Читать книгу Pack Bianca enero 2021 - Varias Autoras - Страница 17

Capítulo 12

Оглавление

HABÍA llegado el día de su boda. Rachel se miró en el espejo con su vestido de novia, e intentó alejar el mal presentimiento que se cernía sobre su ánimo como una nube negra. Por mucho que Mateo insistiera en que no, para ella suponía una gran diferencia saber que había amado a una mujer y la había perdido, en vez de creer, como hasta entonces, que nunca había estado interesado en el amor.

Sabía que en aquel matrimonio había mucho, muchísimo más en juego que su propia felicidad, pero le causaba un gran dolor saber que Mateo había amado a otra mujer, y que la había amado tanto y sufrido como para no querer volver a enamorarse nunca más.

Desde su confrontación en las caballerizas, Rachel había notado un distanciamiento entre Mateo y ella, y eso la entristecía. No era un buen comienzo para un matrimonio, para pronunciar sus votos ante Dios, con esa tensión entre ellos. Y, sin embargo, parecía que así era como iba a ser.

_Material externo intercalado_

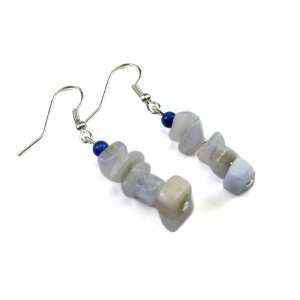 Blue Lace Agate Semi Precious Gemstone Chips with Lapis Bead Dangle 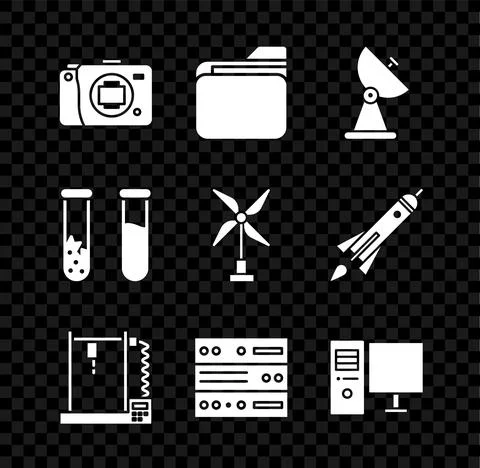 Set Mirrorless camera, Document folder, Radar, 3D printer, Server, Data, Web Stock Illustration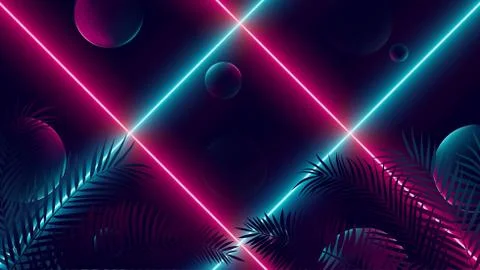 Futuristic background with bright red and blue neon rays, color reflex on bal Stock Illustration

Había intentado no pensar en eso mientras Francesca la ayudaba a vestirse, le aplicaba un maquillaje natural y le hacía un elegante recogido, pero le había sido imposible.

–Casi me parece mentira –murmuró aturdida, señalando su reflejo–. Esa no puedo ser yo.

–Pues eres tú –contestó Francesca con una amplia sonrisa–. Estás sencillamente fabulosa.

–Y es gracias a ti y solo a ti.

–No es verdad –replicó la estilista, pero luego añadió con un guiño–: Aunque un poquito sí que te he ayudado.

Rachel fue hasta la ventana, que se asomaba a la fachada de palacio y a la inmensa plaza en cuyo extremo opuesto se alzaba la catedral. Ya había un montón de gente en los alrededores, aunque aún faltaban varias horas para la ceremonia.

Desde su llegada a Kallyria había estado demasiado ocupada y abrumada como para mirar en Internet lo que los medios estaban diciendo de Mateo y de ella, pero en ese momento sintió curiosidad.

–Francesca –dijo vacilante, girándose hacia ella–, ¿qué dicen de Mateo y de mí?

La estilista, que estaba recogiendo sus cosméticos, la miró y enarcó una ceja.

–¿Eh?

–¿Qué se dice de nosotros? ¿Se pregunta la gente por qué vamos a casarnos?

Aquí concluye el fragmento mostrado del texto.